We measured threshold letter size (acuity) for 150-ms tumbling-E targets at the fovea and lower visual field at eccentricities of 3, 5, and 10° for 5 subjects. Targets were presented in isolation or flanked on all four sides by randomly-oriented tumbling-Es at six center-to-center spacings (1.2-5x the letter size). Weber contrast of the entire stimulus varied from -2.5% to -99% in eight logarithmic steps.
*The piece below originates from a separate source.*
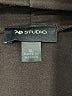 AB Studio Black Kimono Size XL - photo 7
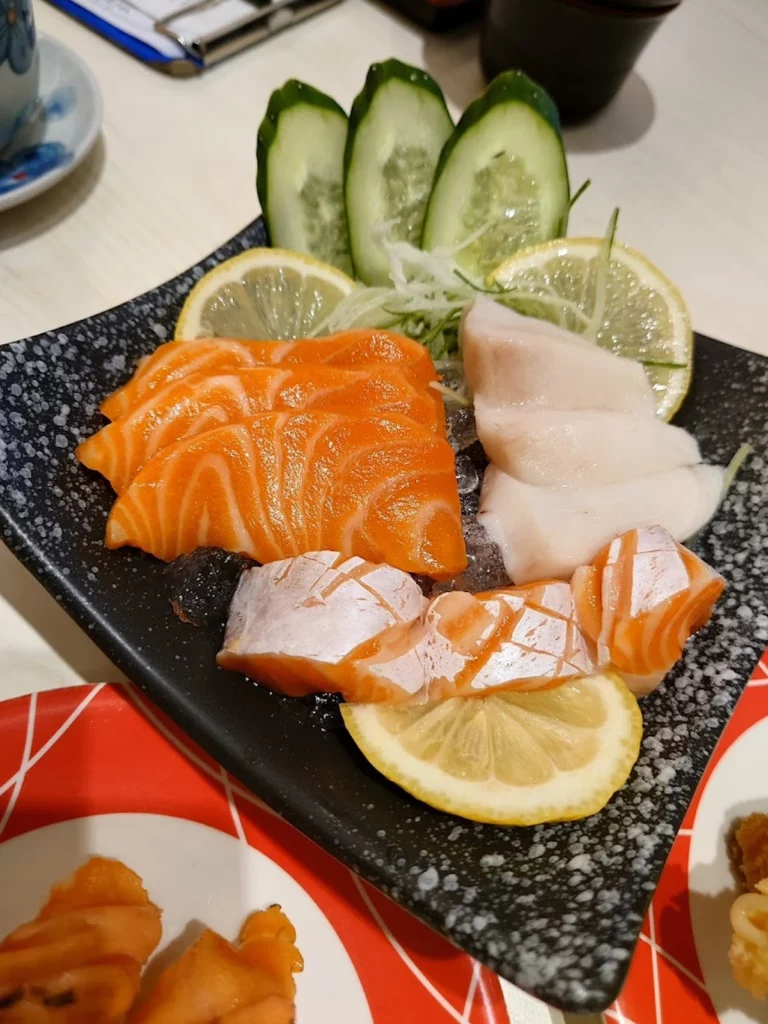 Sushi Hiro SS2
We find that across subjects, contrasts, and eccentricities, flanked acuity can be well described as a function of nominal flanker distance. A parsimonious characterization is a two-line fit in log-log space comprising a flat portion where flankers do not affect target recognition, and, within the absolute critical spacing for crowding, a line with constrained slope of -1. Except where crowding is essentially absent (foveally), average r[sup]2[/sup] for this fit is 0.85±0.17. Interestingly, contrast reduction causes only a modest (<1.5x) increase in the critical spacing, instead primarily elevating the flat portion of these curves.

For all combinations of contrasts and flanker spacings, threshold acuities are linear functions of eccentricity (average r[sup]2[/sup]=0.94±0.069). The critical spacing is also linearly related to eccentricity (average r[sup]2[/sup]=0.98±0.038). Finally, a two-line fit relating acuity to contrast is consistent across subjects and eccentricities (average r[sup]2[/sup]=0.88±0.048), yielding a power-law with exponent of -0.55 for contrasts below approximately 20%.

Contrast-dependent flanked acuity for 224 conditions can be parameterized with just three per-subject values: baseline acuity, high-contrast flanked E2 and high-contrast unflanked E2. Except for slight increases in the crowding zone for low-contrast stimuli (at 2.5%, 1.5x greater than at 99%), crowding and contrast limit acuity independently.